Afterward, gunfire broke out near 14th and U Streets Northwest, close to the concert site. The 15-year-old boy was killed, and three adults were wounded, including a police officer, Contee said.
The officer and two adults were hospitalized in stable condition, he noted.
Several firearms were discovered from the scene, including a handgun on one of the adults who was shot, Contee said. But he said the weapon used to shoot the officer has not yet been found.
No police officer discharged their firearm, he added.
More mass shootings than days of the year
The US has suffered at least 277 mass shootings so far this year, according to the Gun Violence Archive. That's an average of more than 1.5 mass shootings every day.
The GVA defines mass shootings as those that kill or wound at least four people.
Recent mass shootings like the Buffalo supermarket attack and the Uvalde school massacre have renewed debates about gun control. In both of those massacres, the alleged gunman was 18 years old and used an AR-15-style rifle.
A bipartisan group of senators has announced an agreement in principle for gun safety legislation which would address mental health resources and school safety.

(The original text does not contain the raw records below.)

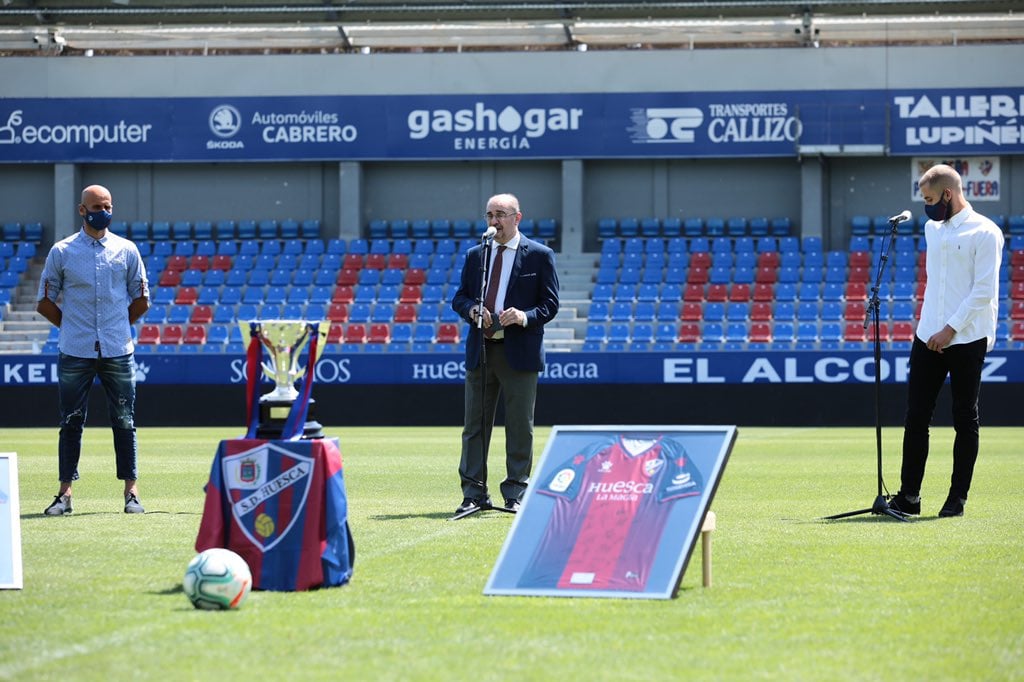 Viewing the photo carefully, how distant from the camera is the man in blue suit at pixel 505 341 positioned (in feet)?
30.2

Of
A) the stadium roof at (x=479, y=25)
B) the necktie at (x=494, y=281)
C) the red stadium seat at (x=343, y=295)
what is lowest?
the necktie at (x=494, y=281)

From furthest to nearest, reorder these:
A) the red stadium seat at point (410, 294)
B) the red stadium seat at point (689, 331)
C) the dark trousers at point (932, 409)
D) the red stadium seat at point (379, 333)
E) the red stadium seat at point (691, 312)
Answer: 1. the red stadium seat at point (410, 294)
2. the red stadium seat at point (691, 312)
3. the red stadium seat at point (379, 333)
4. the red stadium seat at point (689, 331)
5. the dark trousers at point (932, 409)

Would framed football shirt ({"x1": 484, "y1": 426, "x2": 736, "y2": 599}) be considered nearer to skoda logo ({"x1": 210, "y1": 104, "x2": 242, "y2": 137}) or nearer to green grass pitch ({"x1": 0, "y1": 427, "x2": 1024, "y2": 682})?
green grass pitch ({"x1": 0, "y1": 427, "x2": 1024, "y2": 682})

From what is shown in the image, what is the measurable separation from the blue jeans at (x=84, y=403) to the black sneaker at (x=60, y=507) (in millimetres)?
113

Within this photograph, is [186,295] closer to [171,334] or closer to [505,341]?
[171,334]

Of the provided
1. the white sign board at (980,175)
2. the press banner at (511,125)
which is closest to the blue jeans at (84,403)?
the press banner at (511,125)

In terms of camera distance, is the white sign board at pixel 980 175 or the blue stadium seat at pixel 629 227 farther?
the blue stadium seat at pixel 629 227

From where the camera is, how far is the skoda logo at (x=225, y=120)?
3394cm

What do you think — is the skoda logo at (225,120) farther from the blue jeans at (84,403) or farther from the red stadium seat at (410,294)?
the blue jeans at (84,403)

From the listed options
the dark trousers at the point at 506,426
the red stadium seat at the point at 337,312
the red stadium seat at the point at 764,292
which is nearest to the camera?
the dark trousers at the point at 506,426

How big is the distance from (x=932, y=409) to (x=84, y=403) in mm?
5302

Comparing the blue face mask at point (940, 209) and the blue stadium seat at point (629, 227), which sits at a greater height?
the blue stadium seat at point (629, 227)

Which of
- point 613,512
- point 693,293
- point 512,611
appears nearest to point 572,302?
point 693,293

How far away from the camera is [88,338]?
30.6 feet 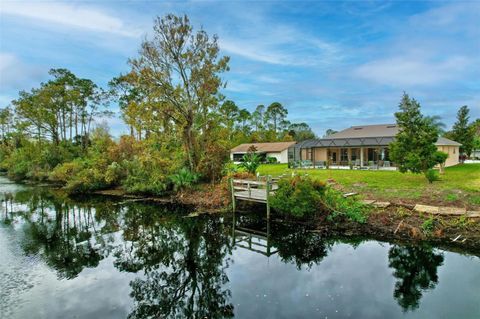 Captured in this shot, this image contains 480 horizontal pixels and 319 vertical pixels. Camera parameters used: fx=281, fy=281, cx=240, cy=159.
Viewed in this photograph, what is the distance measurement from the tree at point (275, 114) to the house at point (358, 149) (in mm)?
27365

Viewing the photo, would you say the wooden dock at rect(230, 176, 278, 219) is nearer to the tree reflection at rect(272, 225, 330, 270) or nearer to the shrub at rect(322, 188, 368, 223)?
the tree reflection at rect(272, 225, 330, 270)

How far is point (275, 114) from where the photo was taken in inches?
2409

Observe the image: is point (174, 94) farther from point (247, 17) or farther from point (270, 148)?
point (270, 148)

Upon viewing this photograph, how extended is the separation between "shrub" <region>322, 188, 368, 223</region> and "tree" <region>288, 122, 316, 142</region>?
147 feet

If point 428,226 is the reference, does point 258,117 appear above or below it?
above

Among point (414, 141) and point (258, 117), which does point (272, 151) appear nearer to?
point (258, 117)

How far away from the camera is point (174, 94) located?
20.4 metres

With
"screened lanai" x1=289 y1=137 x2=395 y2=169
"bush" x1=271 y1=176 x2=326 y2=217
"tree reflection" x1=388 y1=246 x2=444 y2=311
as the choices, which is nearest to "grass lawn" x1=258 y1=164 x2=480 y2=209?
"bush" x1=271 y1=176 x2=326 y2=217

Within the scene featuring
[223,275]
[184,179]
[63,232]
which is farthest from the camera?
[184,179]

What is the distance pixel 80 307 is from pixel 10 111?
44.3 m

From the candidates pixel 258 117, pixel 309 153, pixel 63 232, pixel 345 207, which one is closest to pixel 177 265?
pixel 63 232

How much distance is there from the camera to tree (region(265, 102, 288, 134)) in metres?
60.4

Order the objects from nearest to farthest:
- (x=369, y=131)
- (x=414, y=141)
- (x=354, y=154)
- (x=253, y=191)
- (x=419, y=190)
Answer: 1. (x=419, y=190)
2. (x=253, y=191)
3. (x=414, y=141)
4. (x=354, y=154)
5. (x=369, y=131)

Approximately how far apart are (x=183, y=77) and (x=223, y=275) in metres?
15.6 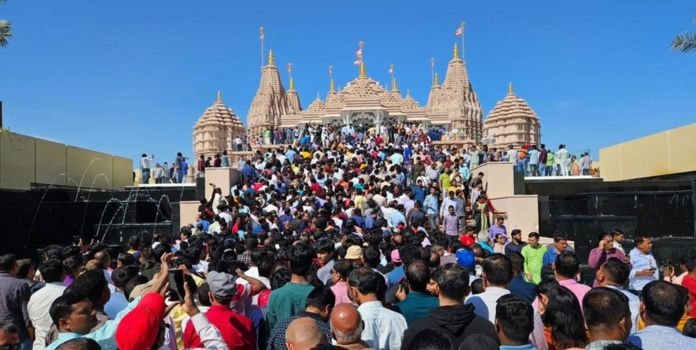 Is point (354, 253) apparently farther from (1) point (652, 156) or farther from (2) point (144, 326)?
(1) point (652, 156)

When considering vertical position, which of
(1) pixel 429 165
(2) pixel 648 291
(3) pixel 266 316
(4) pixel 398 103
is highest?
(4) pixel 398 103

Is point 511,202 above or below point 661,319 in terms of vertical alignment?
above

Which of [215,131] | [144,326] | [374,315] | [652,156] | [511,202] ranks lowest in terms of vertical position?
[374,315]

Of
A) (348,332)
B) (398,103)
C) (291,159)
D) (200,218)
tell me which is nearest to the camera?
(348,332)

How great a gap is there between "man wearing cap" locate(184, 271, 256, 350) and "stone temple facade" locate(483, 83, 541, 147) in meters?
51.3

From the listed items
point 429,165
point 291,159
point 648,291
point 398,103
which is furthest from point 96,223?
point 398,103

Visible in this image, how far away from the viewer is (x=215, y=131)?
190 feet

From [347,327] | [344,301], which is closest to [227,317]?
[344,301]

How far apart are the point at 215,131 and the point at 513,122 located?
2868 cm

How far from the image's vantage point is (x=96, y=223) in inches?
678

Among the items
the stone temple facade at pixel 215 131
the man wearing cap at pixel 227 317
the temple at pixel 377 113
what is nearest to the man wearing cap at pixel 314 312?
the man wearing cap at pixel 227 317

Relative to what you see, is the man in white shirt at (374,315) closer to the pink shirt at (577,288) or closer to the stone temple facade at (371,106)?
the pink shirt at (577,288)

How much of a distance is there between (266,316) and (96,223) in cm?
1406

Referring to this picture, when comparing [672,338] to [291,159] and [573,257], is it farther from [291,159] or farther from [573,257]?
[291,159] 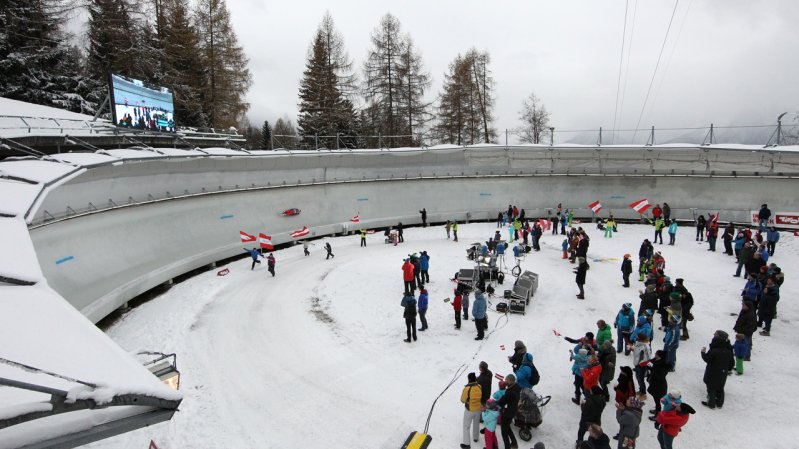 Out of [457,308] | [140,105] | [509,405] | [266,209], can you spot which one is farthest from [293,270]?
[509,405]

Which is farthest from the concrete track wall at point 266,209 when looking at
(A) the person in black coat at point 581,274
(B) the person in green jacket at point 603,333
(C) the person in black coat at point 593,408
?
(A) the person in black coat at point 581,274

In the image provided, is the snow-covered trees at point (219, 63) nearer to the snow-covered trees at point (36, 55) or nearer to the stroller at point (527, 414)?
the snow-covered trees at point (36, 55)

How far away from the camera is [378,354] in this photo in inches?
409

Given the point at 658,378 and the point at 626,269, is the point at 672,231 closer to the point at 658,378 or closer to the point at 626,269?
the point at 626,269

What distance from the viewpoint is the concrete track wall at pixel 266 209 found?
13.2 meters

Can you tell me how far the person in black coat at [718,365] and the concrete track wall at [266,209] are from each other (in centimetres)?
1489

But sticking points remain, including the issues of funding for state red flag laws and denying firearms to unmarried partners convicted of domestic violence.
Officials vow to crack down on unpermitted events
Both the DC mayor and police chief said permit requirements must be taken seriously.
"We have a child who was killed today at an event that did not have any proper planning for the number of people who were here and with guns involved," DC Mayor Muriel Bowser told reporters Sunday.
"The chief and I will continue to make sure we have the resources we need on these corridors and all of our corridors, but we need some accountability here."
The police chief said officials will "look at what legal action should be taken as a result of an unpermitted event in our city."
"When you have large gatherings in a dense area, all it takes is one person introducing a gun to the situation that makes it deadly," Contee said. "In this case, unfortunately, a 15-year-old lost his life."
The Bureau of Alcohol, Tobacco, Firearms and Explosives (ATF) is assisting local police with the investigation, the agency's Washington Field Division said.